# Configuring Docker Storage

Looking for the latest Prefect 2 release? Prefect 2 and Prefect Cloud 2 have been released for General Availability. See https://docs.prefect.io/ for details.

This recipe is for configuring your Flow's Docker storage object to handle potentially complicated non-Python dependencies. This is useful to understand for Flows which rely on complex environments to run successfully; for example if your Flow uses:

  • database drivers
  • reliance on C bindings for file-types such as HDF files
  • special environment variables
  • special configuration files
  • subprocess calls to non-Python CLIs
  • special proprietary Python scripts or packages

Then you most likely will need to configure the Docker image in which your Flow lives.

# Building a custom base image

As a motivating example, let's consider the case where we have an ETL Flow that talks to a Microsoft SQL Server Database through pyodbc. The first thing you might notice is that this introduces a dependency on a Python package that is not required by Prefect. To ensure such a requirement is always added into your Flow's Docker image, we can use the python_dependencies keyword argument:

from prefect.storage import Docker

# Create our Docker storage object
storage = Docker(registry_url="gcr.io/dev/", python_dependencies=["pyodbc"])
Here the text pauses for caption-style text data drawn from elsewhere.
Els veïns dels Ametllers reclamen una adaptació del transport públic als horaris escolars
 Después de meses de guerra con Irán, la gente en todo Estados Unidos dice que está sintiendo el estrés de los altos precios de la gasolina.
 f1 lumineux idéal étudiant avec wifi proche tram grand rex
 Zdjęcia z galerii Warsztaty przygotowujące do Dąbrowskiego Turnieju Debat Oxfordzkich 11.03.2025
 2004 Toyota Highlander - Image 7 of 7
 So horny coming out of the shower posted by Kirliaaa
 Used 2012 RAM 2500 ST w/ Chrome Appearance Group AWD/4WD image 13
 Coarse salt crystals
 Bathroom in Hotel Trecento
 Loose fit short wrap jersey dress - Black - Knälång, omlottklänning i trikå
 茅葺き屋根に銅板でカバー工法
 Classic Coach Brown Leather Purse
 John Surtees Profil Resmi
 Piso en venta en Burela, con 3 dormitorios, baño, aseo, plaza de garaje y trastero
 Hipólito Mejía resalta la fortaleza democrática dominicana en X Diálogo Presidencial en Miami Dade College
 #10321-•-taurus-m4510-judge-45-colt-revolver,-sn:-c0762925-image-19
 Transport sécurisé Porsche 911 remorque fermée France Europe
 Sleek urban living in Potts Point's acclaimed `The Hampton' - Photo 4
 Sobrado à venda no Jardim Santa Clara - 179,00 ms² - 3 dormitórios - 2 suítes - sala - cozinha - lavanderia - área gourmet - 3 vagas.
If we attempt a dry-run build of this docker image by calling storage.build(), we'd probably encounter the following error:

  gcc: error trying to exec 'cc1plus': execvp: No such file or directory
  error: command 'gcc' failed with exit status 1
  ----------------------------------------

  Running setup.py clean for pyodbc
  ERROR: Failed building wheel for pyodbc

Without going into unnecessary detail, this is because the default base image for Prefect Flows is minimal and doesn't include whatever non-Python bindings the pyodbc package requires. To add such dependencies, we will need to configure an appropriate base image to use for our Flow. For both reference and completeness, the following Dockerfile will build a base image that allows our Flow to connect to Microsoft SQL Server through pyodbc:

FROM prefecthq/prefect:latest-python3.7

# install some base utilities
RUN apt update && apt install build-essential -y build-essential unixodbc-dev && rm -rf /var/lib/apt/lists/*
RUN apt-get update && apt-get install curl -y

# install mssql-tools
RUN curl https://packages.microsoft.com/keys/microsoft.asc | apt-key add -
RUN curl https://packages.microsoft.com/config/debian/10/prod.list > /etc/apt/sources.list.d/mssql-release.list
RUN apt-get update && ACCEPT_EULA=Y apt-get install msodbcsql17 -y
RUN ACCEPT_EULA=Y apt-get install mssql-tools -y

# update bash configuration
RUN echo 'export PATH="$PATH:/opt/mssql-tools/bin"' >> ~/.bash_profile
RUN echo 'export PATH="$PATH:/opt/mssql-tools/bin"' >> ~/.bashrc

# update OpenSSL configuration file
RUN sed -i 's/TLSv1\.2/TLSv1.0/g' /etc/ssl/openssl.cnf
RUN sed -i 's/DEFAULT@SECLEVEL=2/DEFAULT@SECLEVEL=1/g' /etc/ssl/openssl.cnf

Note that we used python3.7 above, but you should attempt to match the version of Python you used in building your flow.

What types of Docker images are allowed as base images?

Note that the only universal requirement for your Flow's Docker images are that the Prefect python package can be installed into them (note that Prefect will attempt to install itself at build time if your base image doesn't already have it installed).

Prefect defaults

Prefect attempts to infer sensible defaults for as much as it can, including the version of Python you are using and the version of Prefect. Additionally, Prefect attempts to run various "healthchecks" which ensure your Flow's Docker image is compatible with your Flow code. However, there is only so much Prefect can infer - if your Flow requires complicated dependencies you may need to experiment with various Docker images.

For completeness sake, we would perform the following steps to register this Flow using a configured Docker storage object:

  • save the above Dockerfile script into a file called Dockerfile
  • run a command like docker build . -t myregistryurl/imagename:imagetag
  • provide myregistryurl/imagename:imagetag as the base_image to Docker storage above

Note that you don't necessarily need to push your custom base image to a registry; as long as it resides on the machine that you register from, your Docker daemon will be able to use it as your Flow's base image.

# Providing the Dockerfile 0.7.2+

The base_image pattern above is maximally useful when you register multiple Flows that share a common set of dependencies. However, as of Prefect 0.7.2 you don't have to build an intermediate image to configure your Flow's storage! Using the above example, we can avoid the intermediate step by storing the Dockerfile and pointing to its location using the dockerfile keyword argument:

from prefect.storage import Docker

# Create our Docker storage object
storage = Docker(registry_url="gcr.io/dev/",
                 python_dependencies=["pyodbc"],
                 dockerfile="/path/to/Dockerfile")

# Including other Python scripts

Another common situation is when your Flow imports objects or functions from other Python files that are not included in a publicly available Python package. Unsurprisingly, your Flow will need to be able to make the same imports within your Docker image. In order to accommodate this, you generally have two options:

  1. Package your scripts up into a true Python package. You will most likely need to use the COPY instruction to put your package into the image, and then the RUN instruction to install it. This pattern will generally require using an intermediate base image so that you have full control over your docker build context.
  2. Use the files keyword argument to Prefect's Docker storage object to copy individual files into your image, and then add these files to your image's PYTHONPATH environment variable (either through the env_vars keyword argument or by building a base image and using the ENV docker instruction). This ensures these scripts can be imported from regardless of the present working directory of your Flow.